Your objective: I need the lines below from the one with "Image 3 of 11" down to the one with "Мэй отчиталась в" reproduced exactly, both ends included, and nothing else.

Input:
━━━━━━━━━━━━━━━━━━━━━━━━━━━━━━

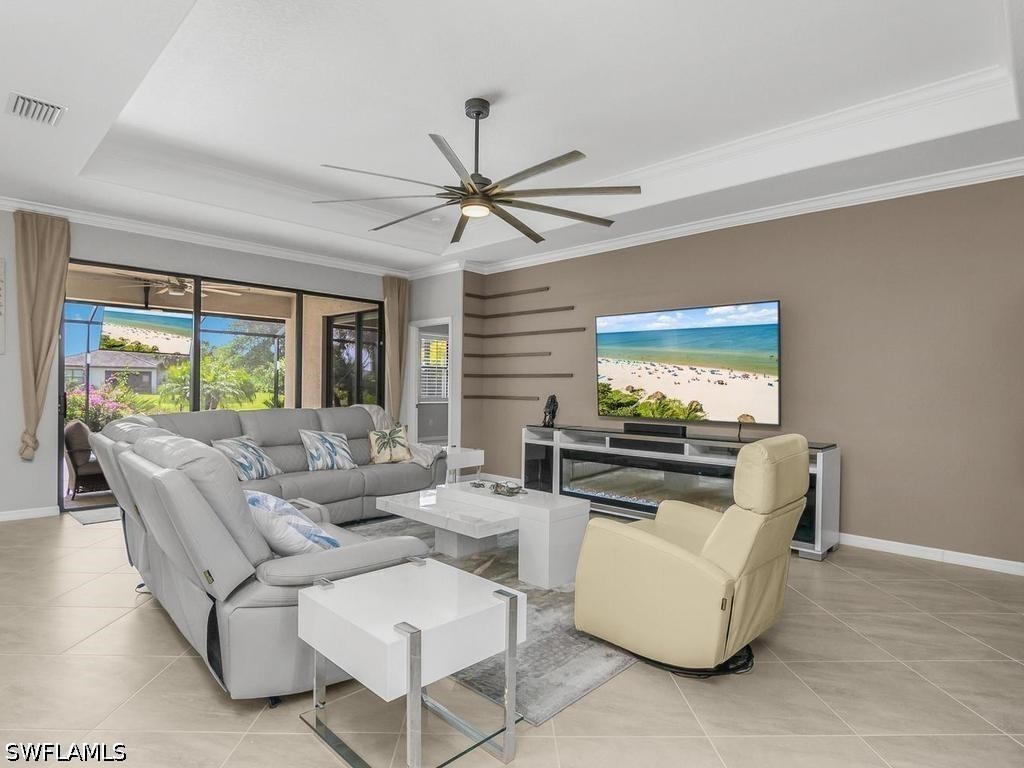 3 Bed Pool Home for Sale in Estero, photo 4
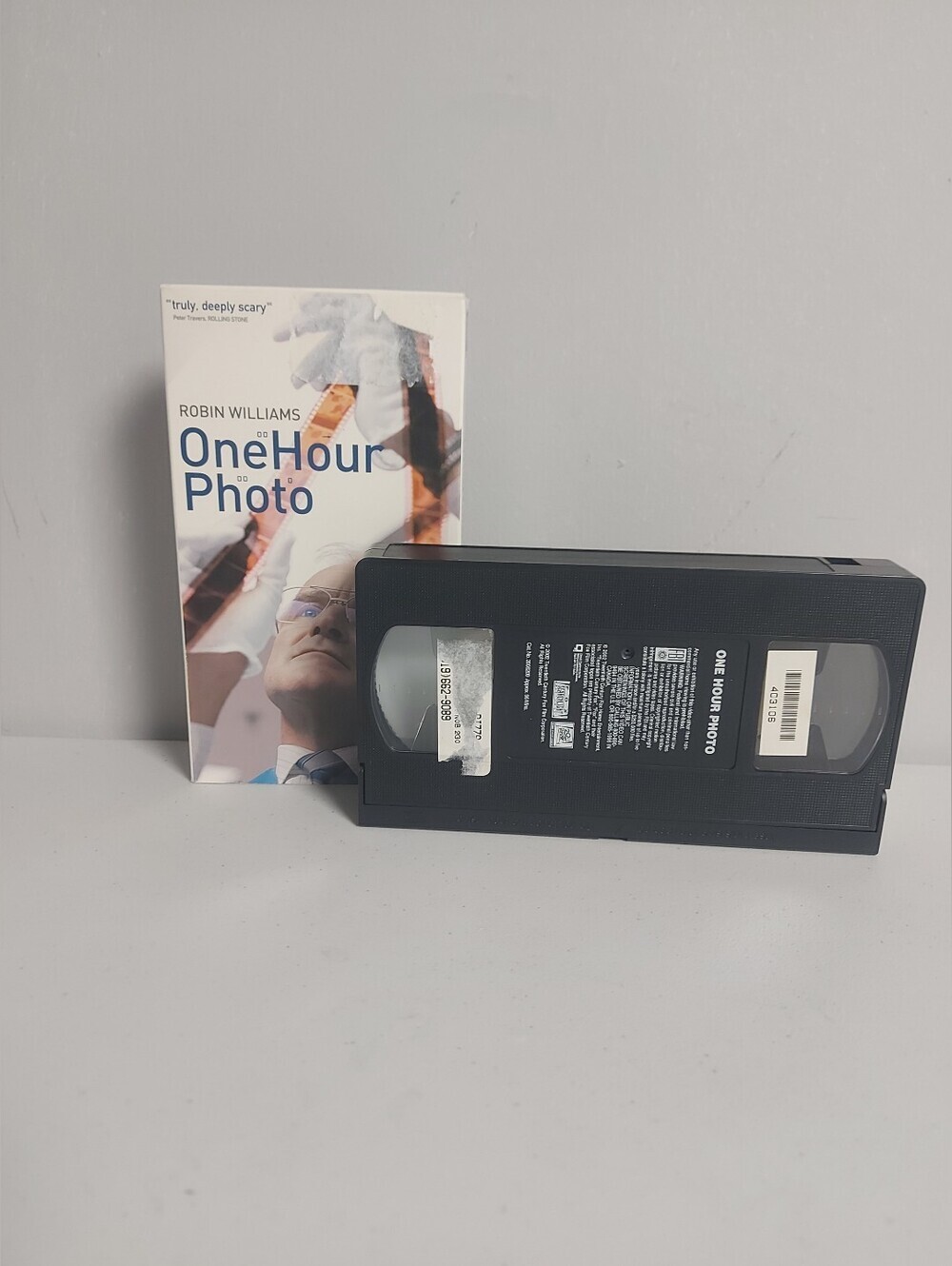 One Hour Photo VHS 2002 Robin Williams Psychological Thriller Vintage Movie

━━━━━━━━━━━━━━━━━━━━━━━━━━━━━━

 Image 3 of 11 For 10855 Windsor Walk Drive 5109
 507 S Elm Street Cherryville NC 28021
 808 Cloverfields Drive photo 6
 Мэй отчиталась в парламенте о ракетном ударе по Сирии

━━━━━━━━━━━━━━━━━━━━━━━━━━━━━━

Result of this task:
 Image 3 of 11 For 10855 Windsor Walk Drive 5109
 507 S Elm Street Cherryville NC 28021
 808 Cloverfields Drive photo 6
 Мэй отчиталась в парламенте о ракетном ударе по Сирии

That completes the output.